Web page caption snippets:
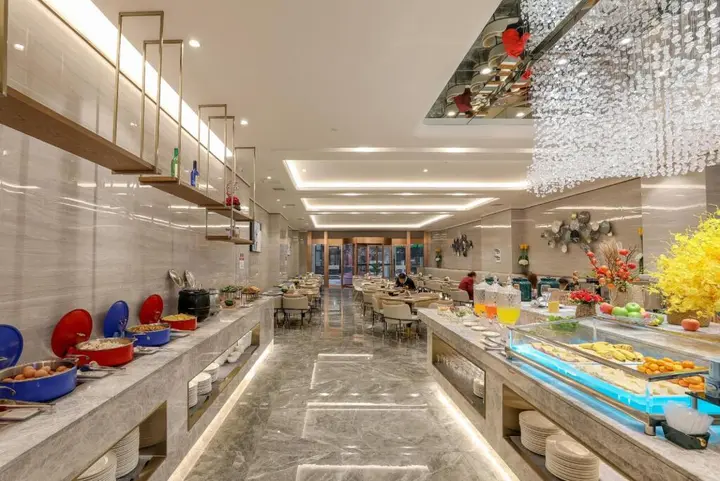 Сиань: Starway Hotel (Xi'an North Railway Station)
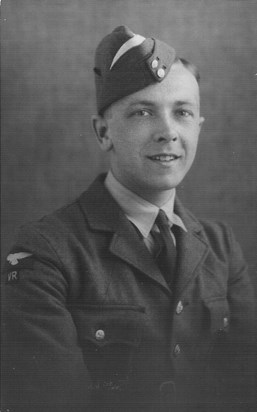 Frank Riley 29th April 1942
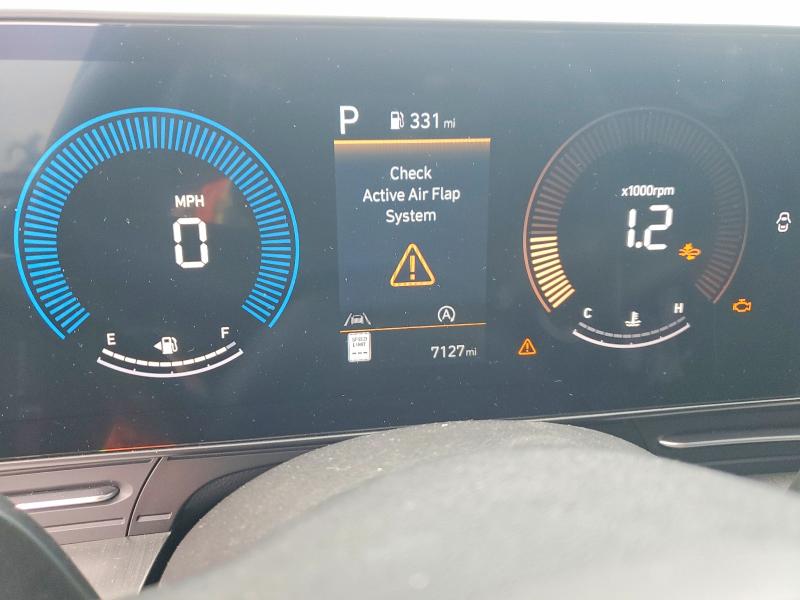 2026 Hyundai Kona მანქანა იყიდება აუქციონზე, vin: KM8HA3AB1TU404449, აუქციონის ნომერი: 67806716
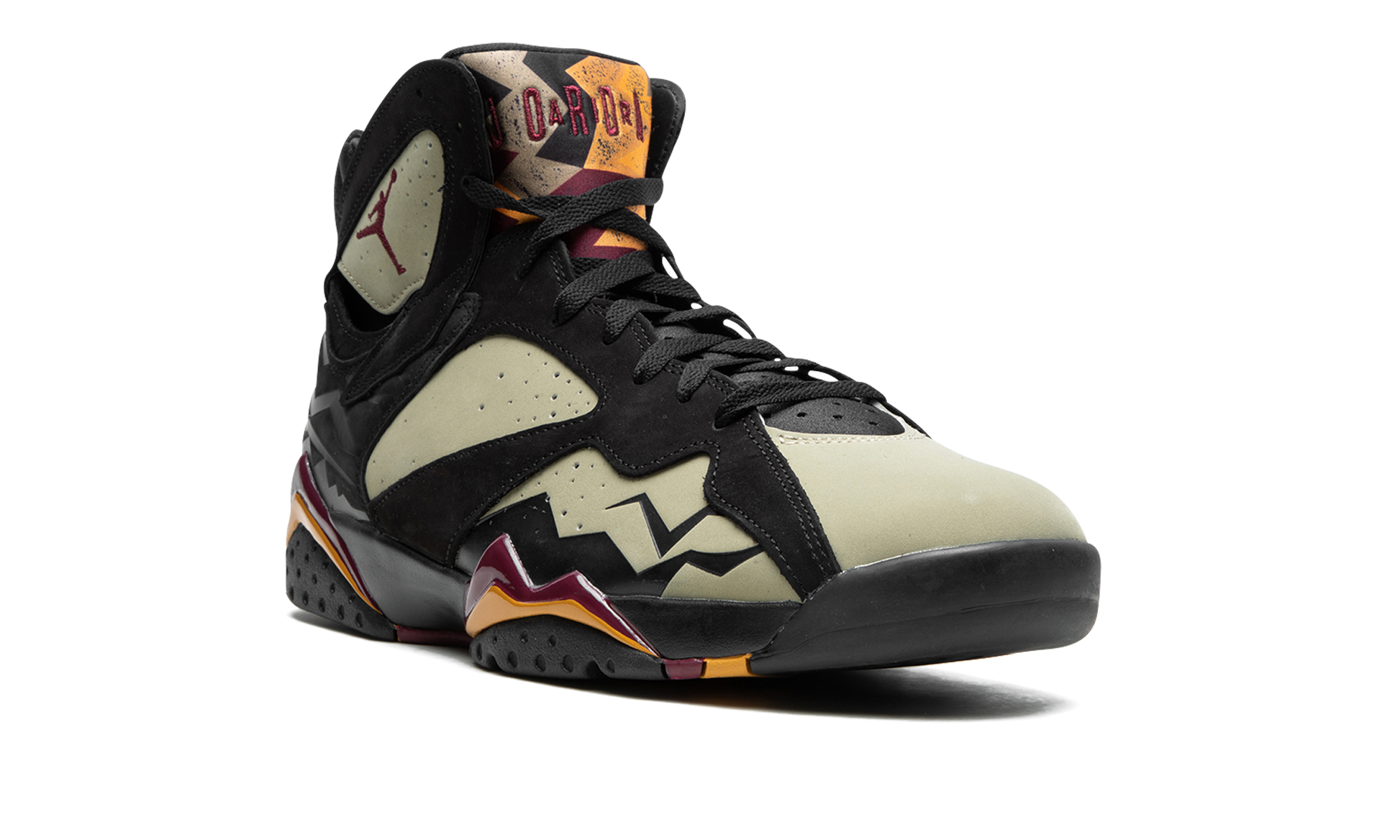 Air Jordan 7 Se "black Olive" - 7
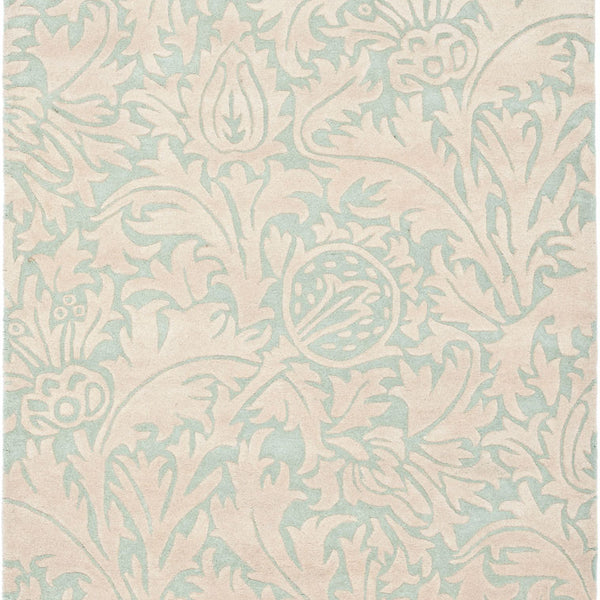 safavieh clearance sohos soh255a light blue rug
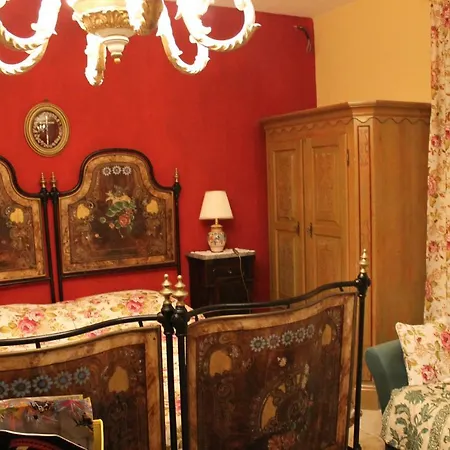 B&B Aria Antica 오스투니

# What you should do
The lines from the one that contains "Air Jordan 7" through the end of the data, repeated exactly and with no pictures, make up the whole answer.

# Exercise response
 Air Jordan 7 Se "black Olive" - 7
 safavieh clearance sohos soh255a light blue rug
 B&B Aria Antica 오스투니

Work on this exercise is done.